Rehabilitation in patients admitted to intensive care

BMJ 2009; 339 doi: https://doi.org/10.1136/bmj.b3921 (Published 16 October 2009) Cite this as: BMJ 2009;339:b3921
  1. Paulo S S Beraldo, postgraduate rehabilitation sciences
  1. 1SARAH Rehabilitation Hospital Network, Sarah, Brasília, Brazil
  1. beraldo8{at}terra.com.br

    Needs to start before discharge and extend beyond physical outcomes

    The number of patients who survive after a stay in the intensive care unit (ICU) is rising.1 After leaving the ICU they continue to experience the effects of their primary illness and of interventions they received, and they have higher mortality rates and longer physical and psychological recovery times than the general healthy population.2 Only 49% of patients treated in the ICU for acute respiratory distress syndrome return to work a year after leaving hospital.2 Family members also experience psychological disturbances.3 Thus, these patients represent a financial and social burden that extends beyond their initial illness.

    Little research has been published about long term management in these patients: one randomised controlled trial,4 a clinical summary,5 and a few protocols.
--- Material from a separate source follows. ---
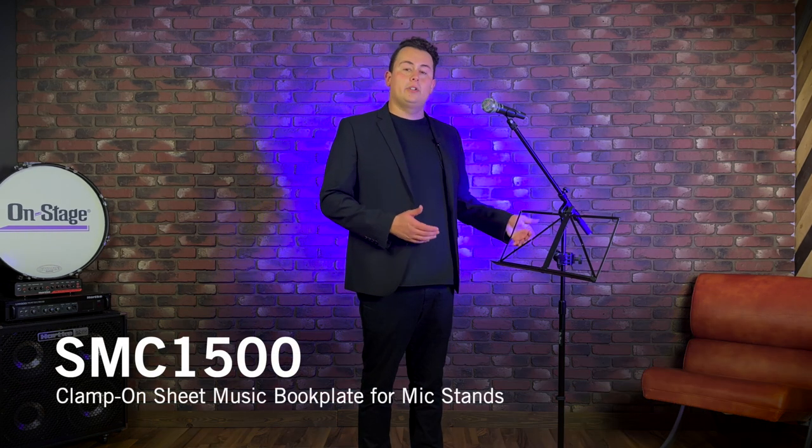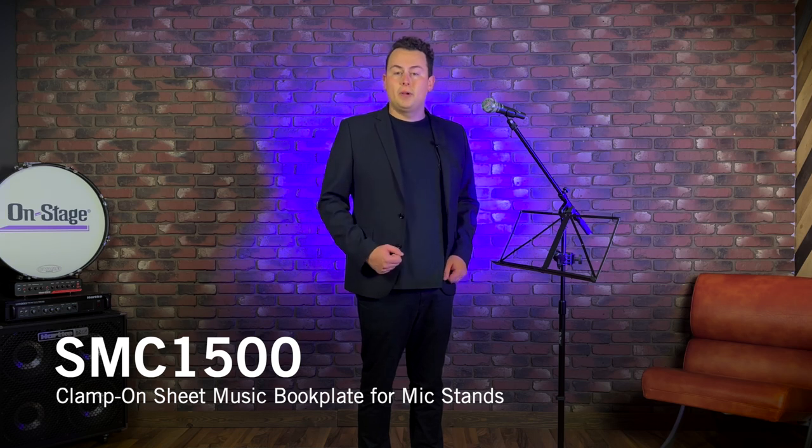What's up everybody, it's Connor from On Stage, and I'm here to introduce you to our band and orchestra accessory, the On Stage SMC 1500 clamp-on sheet music book plate for mic stands. It's an affordable solution for mounting sheet music, handheld devices, tablets, and other notes that you'll need during a performance or a rehearsal. We provide an 18-inch book plate on the SMC 1500.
The trial’s results suggested that rehabilitation started after discharge from the ICU could improve physical state at six months.4

    In the linked study (doi:10.1136/bmj.b3723) Cuthbertson and colleagues report a randomised controlled trial and cost effectiveness analysis of a nurse led intensive care follow-up programme aimed at improving physical state and quality of life 12 months after discharge from the ICU.6 About 80 centres in the UK have already adopted this practice, which has yet to be validated. The authors reported a 33% dropout rate and no improvement in any of the physical and non-physical outcomes. No subgroup, stratified by severity of illness, chronic comorbidity, and length of stay in ICU, benefited from the intervention. Less than half the patients attended follow-up consultations with family members. Furthermore, the follow-up programme was not cost effective, with average additional costs of £2316 (€2576, $3803) in the treatment group. The authors suggested that contamination between the intervention and control groups, and the timing of the intervention might explain the findings, but what other reasons could account for the disappointing results? And in the absence of evidence, how can we improve outcomes in patients who have survived the ICU?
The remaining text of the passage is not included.